(Dataset begins)

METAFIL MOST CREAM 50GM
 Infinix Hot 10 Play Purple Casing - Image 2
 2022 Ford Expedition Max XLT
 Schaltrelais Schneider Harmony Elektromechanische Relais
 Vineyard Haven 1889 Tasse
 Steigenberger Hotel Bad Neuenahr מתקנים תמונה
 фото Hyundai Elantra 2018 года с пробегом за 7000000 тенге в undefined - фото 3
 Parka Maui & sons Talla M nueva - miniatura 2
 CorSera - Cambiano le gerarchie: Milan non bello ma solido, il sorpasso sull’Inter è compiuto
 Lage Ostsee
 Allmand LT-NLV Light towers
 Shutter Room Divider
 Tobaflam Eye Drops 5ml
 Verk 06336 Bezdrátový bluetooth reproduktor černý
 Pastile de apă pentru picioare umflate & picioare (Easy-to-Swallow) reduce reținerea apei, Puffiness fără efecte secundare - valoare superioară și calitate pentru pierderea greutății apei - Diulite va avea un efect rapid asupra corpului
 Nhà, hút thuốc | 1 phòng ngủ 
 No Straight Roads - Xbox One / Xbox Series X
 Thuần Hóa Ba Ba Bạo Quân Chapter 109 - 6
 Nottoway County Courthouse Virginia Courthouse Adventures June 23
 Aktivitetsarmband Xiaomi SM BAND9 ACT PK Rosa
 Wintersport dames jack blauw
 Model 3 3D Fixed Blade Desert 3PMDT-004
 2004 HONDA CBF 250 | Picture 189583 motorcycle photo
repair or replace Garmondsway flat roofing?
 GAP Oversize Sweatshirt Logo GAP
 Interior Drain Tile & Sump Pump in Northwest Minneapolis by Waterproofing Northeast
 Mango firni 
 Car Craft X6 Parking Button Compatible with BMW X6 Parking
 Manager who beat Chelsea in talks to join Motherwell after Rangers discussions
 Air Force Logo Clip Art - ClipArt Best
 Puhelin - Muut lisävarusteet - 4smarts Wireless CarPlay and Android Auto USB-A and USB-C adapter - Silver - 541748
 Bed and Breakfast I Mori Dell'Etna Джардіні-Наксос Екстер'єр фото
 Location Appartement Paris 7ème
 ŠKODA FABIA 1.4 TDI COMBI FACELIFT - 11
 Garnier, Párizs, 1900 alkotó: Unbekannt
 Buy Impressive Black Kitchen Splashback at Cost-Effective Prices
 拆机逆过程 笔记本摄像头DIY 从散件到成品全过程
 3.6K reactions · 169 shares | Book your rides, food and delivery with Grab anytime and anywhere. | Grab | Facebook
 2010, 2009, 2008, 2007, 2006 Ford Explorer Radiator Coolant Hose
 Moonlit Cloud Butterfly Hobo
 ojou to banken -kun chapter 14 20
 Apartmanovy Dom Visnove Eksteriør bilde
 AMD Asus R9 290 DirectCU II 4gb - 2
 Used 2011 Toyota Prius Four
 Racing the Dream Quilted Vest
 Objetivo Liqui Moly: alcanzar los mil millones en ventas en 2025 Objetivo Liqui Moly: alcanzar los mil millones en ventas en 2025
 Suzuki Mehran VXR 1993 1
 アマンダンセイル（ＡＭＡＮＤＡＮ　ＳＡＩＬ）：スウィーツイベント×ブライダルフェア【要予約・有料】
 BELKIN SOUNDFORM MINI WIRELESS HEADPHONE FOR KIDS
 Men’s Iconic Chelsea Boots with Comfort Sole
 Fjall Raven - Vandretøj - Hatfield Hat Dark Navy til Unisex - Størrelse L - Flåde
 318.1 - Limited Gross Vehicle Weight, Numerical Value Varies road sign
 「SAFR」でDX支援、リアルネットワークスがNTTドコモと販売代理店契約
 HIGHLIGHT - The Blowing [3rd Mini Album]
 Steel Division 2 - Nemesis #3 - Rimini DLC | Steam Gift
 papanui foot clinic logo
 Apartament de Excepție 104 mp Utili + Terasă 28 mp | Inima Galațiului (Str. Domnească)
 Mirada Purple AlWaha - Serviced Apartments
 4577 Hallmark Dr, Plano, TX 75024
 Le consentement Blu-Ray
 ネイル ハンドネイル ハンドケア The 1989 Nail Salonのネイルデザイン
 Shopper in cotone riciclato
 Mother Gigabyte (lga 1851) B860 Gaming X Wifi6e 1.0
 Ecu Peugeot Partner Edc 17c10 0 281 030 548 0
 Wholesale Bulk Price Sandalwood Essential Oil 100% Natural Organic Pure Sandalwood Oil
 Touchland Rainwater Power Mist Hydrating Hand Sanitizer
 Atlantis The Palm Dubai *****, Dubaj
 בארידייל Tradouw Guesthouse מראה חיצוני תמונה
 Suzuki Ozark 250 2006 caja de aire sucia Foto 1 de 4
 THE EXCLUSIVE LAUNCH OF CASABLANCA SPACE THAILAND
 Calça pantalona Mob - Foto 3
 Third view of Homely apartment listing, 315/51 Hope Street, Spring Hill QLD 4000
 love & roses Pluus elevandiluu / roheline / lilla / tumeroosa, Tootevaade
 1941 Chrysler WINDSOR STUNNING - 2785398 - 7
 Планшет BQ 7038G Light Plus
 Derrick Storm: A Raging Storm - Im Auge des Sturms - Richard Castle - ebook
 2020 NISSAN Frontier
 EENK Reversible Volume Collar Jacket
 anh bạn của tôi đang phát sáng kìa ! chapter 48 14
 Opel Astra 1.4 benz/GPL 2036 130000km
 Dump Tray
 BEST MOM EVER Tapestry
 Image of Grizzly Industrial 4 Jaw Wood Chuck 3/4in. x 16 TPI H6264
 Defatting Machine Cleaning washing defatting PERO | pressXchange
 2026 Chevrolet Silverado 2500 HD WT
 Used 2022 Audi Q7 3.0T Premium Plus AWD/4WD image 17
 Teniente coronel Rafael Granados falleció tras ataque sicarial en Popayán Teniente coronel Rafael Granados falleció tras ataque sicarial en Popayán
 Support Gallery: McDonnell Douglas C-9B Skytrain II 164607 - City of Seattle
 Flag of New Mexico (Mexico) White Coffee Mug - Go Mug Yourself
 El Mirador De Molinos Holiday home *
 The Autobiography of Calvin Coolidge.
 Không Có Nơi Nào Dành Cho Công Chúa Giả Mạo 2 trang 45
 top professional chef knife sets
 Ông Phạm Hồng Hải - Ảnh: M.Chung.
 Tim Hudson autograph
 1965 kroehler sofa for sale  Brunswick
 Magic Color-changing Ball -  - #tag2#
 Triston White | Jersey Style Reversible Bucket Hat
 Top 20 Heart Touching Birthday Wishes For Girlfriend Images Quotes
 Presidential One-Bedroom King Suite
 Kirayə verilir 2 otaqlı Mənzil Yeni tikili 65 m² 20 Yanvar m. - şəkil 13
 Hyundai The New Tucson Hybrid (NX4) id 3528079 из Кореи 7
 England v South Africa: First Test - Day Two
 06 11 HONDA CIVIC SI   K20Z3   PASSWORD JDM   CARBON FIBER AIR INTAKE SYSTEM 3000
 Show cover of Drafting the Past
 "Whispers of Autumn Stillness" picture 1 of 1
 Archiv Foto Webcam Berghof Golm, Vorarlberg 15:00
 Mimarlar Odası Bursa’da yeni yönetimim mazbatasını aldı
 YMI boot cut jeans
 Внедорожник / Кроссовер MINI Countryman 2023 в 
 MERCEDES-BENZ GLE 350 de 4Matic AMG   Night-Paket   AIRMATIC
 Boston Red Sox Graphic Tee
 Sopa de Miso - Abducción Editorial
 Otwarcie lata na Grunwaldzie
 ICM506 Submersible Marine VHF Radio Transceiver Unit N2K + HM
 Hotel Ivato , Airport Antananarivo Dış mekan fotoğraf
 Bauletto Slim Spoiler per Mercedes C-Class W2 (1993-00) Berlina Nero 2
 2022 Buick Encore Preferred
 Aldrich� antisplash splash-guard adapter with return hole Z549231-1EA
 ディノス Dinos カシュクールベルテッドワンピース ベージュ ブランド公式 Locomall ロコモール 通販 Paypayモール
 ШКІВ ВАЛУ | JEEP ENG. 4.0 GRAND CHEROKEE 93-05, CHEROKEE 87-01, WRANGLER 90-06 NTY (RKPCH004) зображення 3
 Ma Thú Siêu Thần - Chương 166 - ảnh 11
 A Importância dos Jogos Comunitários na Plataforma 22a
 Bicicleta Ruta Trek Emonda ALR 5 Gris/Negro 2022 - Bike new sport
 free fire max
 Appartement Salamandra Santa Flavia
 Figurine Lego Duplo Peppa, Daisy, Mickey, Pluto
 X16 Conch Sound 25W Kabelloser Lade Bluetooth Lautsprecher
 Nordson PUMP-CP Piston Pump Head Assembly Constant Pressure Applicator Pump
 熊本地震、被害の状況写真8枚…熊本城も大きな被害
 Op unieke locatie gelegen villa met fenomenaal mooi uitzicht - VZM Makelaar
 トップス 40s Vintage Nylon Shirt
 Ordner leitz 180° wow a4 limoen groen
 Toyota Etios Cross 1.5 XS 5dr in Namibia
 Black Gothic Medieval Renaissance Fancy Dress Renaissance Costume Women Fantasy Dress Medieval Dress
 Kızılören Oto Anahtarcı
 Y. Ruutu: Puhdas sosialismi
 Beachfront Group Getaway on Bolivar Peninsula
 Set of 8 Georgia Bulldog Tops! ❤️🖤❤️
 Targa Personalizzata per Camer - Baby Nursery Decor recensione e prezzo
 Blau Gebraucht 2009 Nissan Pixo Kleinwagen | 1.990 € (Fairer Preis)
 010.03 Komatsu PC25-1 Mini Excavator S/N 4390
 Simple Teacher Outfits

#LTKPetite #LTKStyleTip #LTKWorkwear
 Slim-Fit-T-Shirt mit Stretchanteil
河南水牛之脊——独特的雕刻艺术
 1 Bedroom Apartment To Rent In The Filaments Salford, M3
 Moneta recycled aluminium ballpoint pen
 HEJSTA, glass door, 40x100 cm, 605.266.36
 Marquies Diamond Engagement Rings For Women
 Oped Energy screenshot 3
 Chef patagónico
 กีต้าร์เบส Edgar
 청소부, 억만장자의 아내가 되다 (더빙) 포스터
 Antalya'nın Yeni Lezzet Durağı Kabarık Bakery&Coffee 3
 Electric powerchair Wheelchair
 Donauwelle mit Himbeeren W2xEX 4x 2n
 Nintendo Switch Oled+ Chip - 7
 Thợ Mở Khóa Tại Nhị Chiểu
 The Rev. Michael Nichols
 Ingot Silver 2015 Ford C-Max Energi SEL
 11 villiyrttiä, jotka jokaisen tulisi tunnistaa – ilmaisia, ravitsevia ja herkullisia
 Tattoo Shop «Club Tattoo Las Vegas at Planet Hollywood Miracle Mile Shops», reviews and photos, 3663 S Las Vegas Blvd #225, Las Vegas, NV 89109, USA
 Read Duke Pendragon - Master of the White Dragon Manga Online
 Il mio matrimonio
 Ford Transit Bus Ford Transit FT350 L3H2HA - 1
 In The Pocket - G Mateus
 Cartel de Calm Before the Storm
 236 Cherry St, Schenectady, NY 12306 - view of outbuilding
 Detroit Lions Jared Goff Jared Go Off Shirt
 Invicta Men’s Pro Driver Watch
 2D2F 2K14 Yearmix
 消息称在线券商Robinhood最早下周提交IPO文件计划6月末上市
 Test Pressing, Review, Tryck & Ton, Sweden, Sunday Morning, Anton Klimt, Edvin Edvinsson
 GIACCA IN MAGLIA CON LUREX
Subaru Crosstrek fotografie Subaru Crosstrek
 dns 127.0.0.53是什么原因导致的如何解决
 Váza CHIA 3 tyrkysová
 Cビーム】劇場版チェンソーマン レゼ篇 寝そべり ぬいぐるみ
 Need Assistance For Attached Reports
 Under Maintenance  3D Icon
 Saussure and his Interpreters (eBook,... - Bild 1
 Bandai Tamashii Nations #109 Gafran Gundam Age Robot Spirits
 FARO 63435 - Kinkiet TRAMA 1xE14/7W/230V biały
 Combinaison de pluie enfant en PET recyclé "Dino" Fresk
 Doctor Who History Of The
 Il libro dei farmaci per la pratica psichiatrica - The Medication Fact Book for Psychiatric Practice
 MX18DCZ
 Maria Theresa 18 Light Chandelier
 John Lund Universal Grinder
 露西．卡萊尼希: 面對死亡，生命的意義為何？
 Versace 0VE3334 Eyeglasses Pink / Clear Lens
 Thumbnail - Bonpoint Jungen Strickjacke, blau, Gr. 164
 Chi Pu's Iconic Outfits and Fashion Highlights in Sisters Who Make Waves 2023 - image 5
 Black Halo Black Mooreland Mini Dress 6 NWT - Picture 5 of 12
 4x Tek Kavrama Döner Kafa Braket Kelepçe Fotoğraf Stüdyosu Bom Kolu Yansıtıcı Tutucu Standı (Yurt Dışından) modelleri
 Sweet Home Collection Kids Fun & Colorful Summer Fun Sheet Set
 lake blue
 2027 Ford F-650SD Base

(Dataset ends)

Extract the lines above, from the first one through the one containing "Parka Maui &", and return only those, unchanged.

METAFIL MOST CREAM 50GM
 Infinix Hot 10 Play Purple Casing - Image 2
 2022 Ford Expedition Max XLT
 Schaltrelais Schneider Harmony Elektromechanische Relais
 Vineyard Haven 1889 Tasse
 Steigenberger Hotel Bad Neuenahr מתקנים תמונה
 фото Hyundai Elantra 2018 года с пробегом за 7000000 тенге в undefined - фото 3
 Parka Maui & sons Talla M nueva - miniatura 2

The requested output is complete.